The Soul has Bandaged moments –
When too appalled to stir –
She feels some ghastly Fright come up
And stop to look at her –
Salute her, with long fingers –
Caress her freezing hair –
Sip, Goblin, from the very lips
The Lover – hovered – o’er –
Unworthy, that a thought so mean
Accost a Theme – so – fair –
The soul has moments of escape –
When bursting all the doors –
She dances like a Bomb, abroad,
And swings opon the Hours,
As do the Bee – delirious borne –
Long Dungeoned from his Rose –
Touch Liberty – then know no more,
But Noon, and Paradise –
The Soul’s retaken moments –
When, Felon led along,
With shackles on the plumed feet,
And staples, in the song,
The Horror welcomes her, again,
These, are not brayed of Tongue –
The Poems of Emily Dickinson, Ralph W. Franklin ed., Cambridge, Mass.: The Belknap Press of Harvard University Press, Copyright © 1998 by the President and Fellows of Harvard College. Copyright © 1951, 1955, 1979, by the President and Fellows of Harvard College.
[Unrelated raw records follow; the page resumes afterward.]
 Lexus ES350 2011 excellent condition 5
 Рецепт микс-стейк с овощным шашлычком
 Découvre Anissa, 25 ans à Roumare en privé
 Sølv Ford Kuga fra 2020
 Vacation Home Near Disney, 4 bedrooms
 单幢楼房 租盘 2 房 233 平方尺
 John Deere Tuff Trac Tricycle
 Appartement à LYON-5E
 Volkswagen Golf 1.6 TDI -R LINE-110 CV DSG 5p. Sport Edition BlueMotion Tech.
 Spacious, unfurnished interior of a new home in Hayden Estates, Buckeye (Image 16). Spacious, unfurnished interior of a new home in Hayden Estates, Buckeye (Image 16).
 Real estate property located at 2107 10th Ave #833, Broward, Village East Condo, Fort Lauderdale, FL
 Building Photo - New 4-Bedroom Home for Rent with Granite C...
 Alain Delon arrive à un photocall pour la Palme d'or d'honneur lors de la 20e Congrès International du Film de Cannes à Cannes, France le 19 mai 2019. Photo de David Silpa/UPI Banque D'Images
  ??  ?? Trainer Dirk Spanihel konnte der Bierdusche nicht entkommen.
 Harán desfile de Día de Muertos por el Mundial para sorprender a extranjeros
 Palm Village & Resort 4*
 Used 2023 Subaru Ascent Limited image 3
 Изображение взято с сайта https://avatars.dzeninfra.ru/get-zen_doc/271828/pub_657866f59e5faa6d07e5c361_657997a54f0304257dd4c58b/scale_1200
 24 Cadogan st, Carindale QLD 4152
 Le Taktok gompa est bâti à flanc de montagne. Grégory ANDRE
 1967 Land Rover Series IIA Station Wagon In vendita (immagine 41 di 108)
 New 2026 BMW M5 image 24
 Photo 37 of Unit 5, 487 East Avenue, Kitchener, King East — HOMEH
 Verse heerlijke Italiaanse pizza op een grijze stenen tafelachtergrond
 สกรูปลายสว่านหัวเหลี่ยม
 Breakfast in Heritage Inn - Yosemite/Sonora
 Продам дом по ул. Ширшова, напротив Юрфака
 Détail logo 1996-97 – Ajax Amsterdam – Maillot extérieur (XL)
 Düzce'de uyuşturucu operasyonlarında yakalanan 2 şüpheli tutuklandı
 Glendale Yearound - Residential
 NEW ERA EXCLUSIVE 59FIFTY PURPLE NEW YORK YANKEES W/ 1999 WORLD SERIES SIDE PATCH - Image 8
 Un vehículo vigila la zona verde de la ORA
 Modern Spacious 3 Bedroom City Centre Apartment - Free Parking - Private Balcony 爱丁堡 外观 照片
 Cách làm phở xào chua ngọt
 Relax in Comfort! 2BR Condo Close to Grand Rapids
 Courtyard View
Copyright © renewed 1979, 1983 by the President and Fellows of Harvard College. Copyright © 1914, 1918, 1919, 1924, 1929, 1930, 1932, 1935, 1937, 1942 by Martha Dickinson Bianchi. Copyright © 1952, 1957, 1958, 1963, 1965 by Mary L. Hampson.
The Heart is the capital
Of the Mind,
The Mind is a single State.
The Heart and the Mind
Together make
A single continent.
One — is the population —
Numerous enough.
This ecstatic nation
Seek — it is
Yourself.
From The Further Poems of Emily Dickinson (Little, Brown, and Company, 1929), edited by Martha Dickinson Bianchi and Alfred Leete Hampson. This poem is in the public domain.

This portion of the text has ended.